Re: [whatwg] Notifications and service workers

On Tue, Sep 23, 2014 at 5:32 PM, Tab Atkins Jr. <jackalmage@gmail.com> wrote:
> On Tue, Sep 23, 2014 at 5:21 PM, Jonas Sicking <jonas@sicking.cc> wrote:
>> After having talked to our web developers, and having talked to Olli,
>> I've come to the following conclusions:
>>
>> * We should consider the case of persistent notifications separate
>> from notifications that automatically close when a page goes away.
>> * Notifications that close when a page goes away does not seem useful
>> on mobile, but could be useful on desktop to enable minimized
>> applications, or applications whose window is covered by other
>> windows, call attention to themselves.
>
> Can you provide an example use-case for a persistent notification that
> goes away when the page does?

I'm saying that there are two types of notifications:
* Persistent notifications that stick around even after the user
closes the "app"/webpage.
* Non-persistent (aka transient) notifications which are not.

I'm currently not attaching any particular UX to either. I.e. I'm
leaving out *where* these notifications are displayed.
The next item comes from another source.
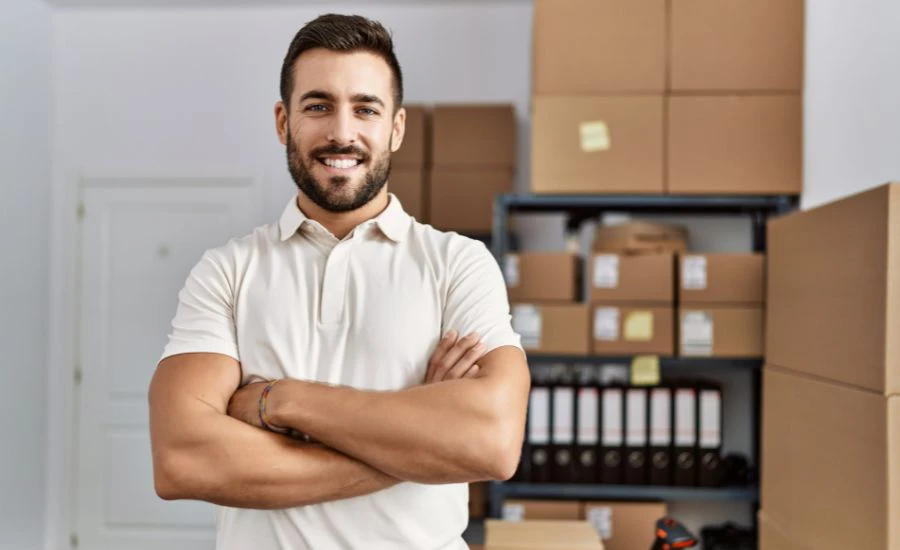 Businessman standing in inventory room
> I can think of transient notifications,
> and persistent ones that stick around until dismissal, but I can't
> come up with this in-between case with a few minutes thought.

I agree.

>> * Persistent vs. non-persistent doesn't seem like a platform
>> difference, but rather two different types of notifications that
>> content could want to create.
>
> Yes.  Pandora temporarily spawning a notification showing the song
> title/artist that's playing whenever a new song starts seems useful as
> a non-persistent notification on any platform.  I definitely wouldn't
> want that sort of thing to stack up on a mobile device.

Interesting. It's not something I've actually seen myself, but I don't
tend to listen to music on my mobile.

But it does fit with the general idea that non-persistent
notifications solve the use case of allowing "background" applications
to call attention to themselves.

>> * For persistent notifications, in cases where the application cares
>> about the user clicking on the notification (as opposed to
>> fire-and-forget notifications), we should always send a notification
>> to the service worker. In this scenario it never seems useful to fire
>> an event on the Notification instance since that will just mean
>> multiple codepaths trying to handle the same click. At best that would
>> be wasted performance, at worst it could mean broken UI or application
>> logic.
>> * Same applies to "close" in addition to "click".
>> * For non-persistent notifications, it seems good to not require that
>> a service worker is used.
>
> I'm not sure persistent vs non-persistent is quite the line to draw
> this on. Fire-and-forget vs responsive seems more correct.  Most
> (all?) persistent notifications are responsive, yes, but transient
> notifications might or might not be.  I think it's appropriate and
> useful for a fire-and-forget notification to be fireable from a normal
> page, without a service worker.

I think we are mainly using different vocabulary. I think my "non
persistent" notification is your "transient" notification.

I guess one question is if it's ever useful to have a persistent
notification which is "fire and forget". I.e. where the application
does not want to run code or display UX when the user clicks the
notification.

My gut instinct is that there's likely some such use cases.